The work for UK rail network operator Network Rail began at the start of this year. It involves repairs to all 28 arches of the Grade I-listed bridge, which sits across the River Tweed and transports freight goods and passengers between England and Scotland along the East Coast Main Line.

The Royal Border bridge is made up of 28 brick arches

The rail bridge is made up of more than 2.5 million bricks stretching up to 40m high. Teams have adopted a rope access system to save time and money, rather than building scaffolding spanning the length and height of the bridge.

Network Rail said that the full extent of the repairs was hard to pinpoint from the ground but that, upon close inspection, engineers have decided to grasp the opportunity to carry out additional repairs. As a result, the renovations are now expected to last until spring 2023.

Periods of industrial action and delays in getting the listed building consent have also contributed to the project’s extension.

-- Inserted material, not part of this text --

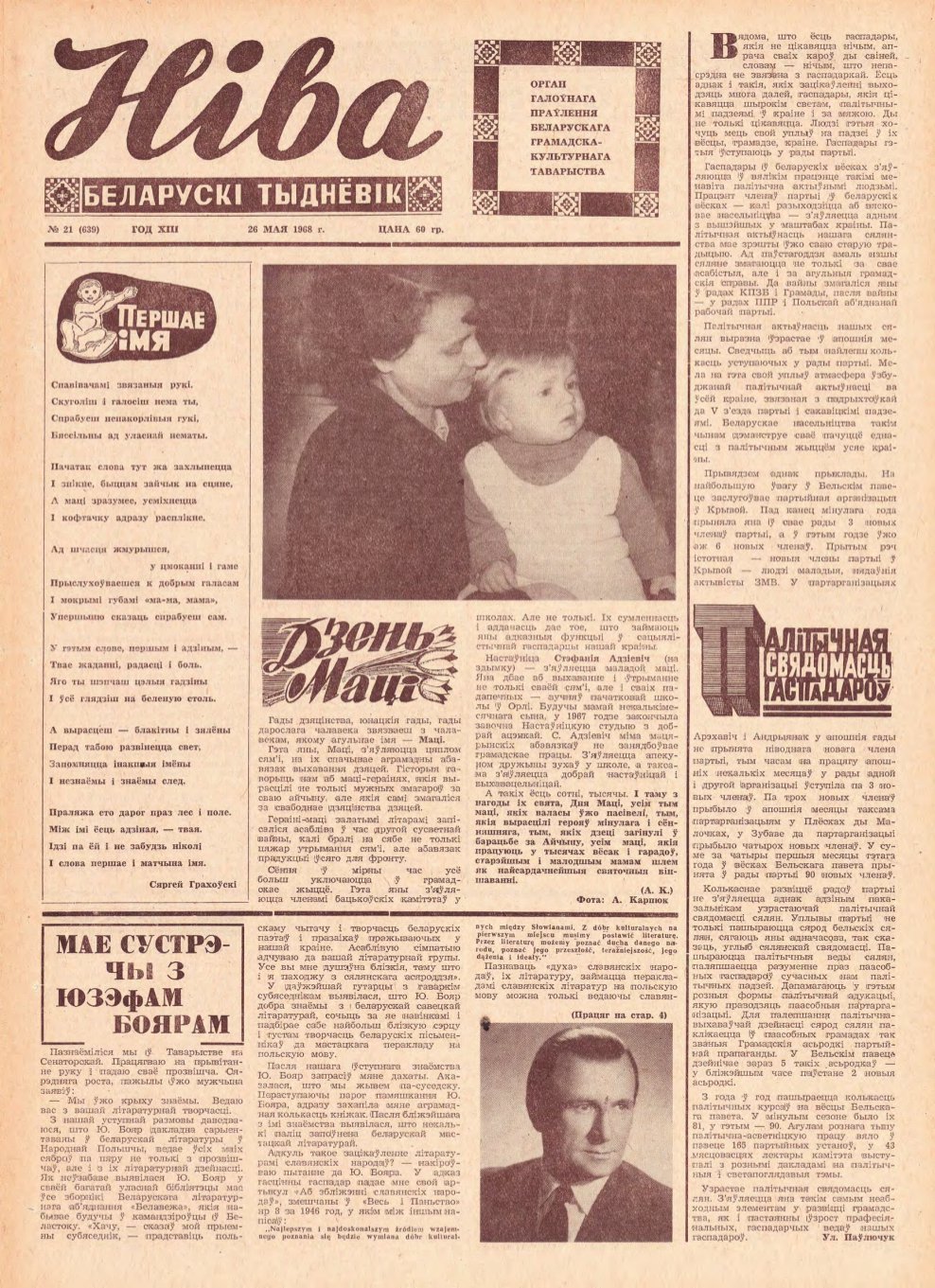 Ніва 21 (639) 1968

rope access systems are in use at the Royal Border Bridge

Ben Brooks, portfolio delivery director for Network Rail, said: “We’re making great progress so far on the Royal Border Bridge repairs, but we’ve spotted the opportunity to go even further.

“We’ll be carrying out additional repairs to bring the famous bridge back to its former glory, and it’ll mean that we won’t need to complete any major maintenance work on it for the next 30 years.”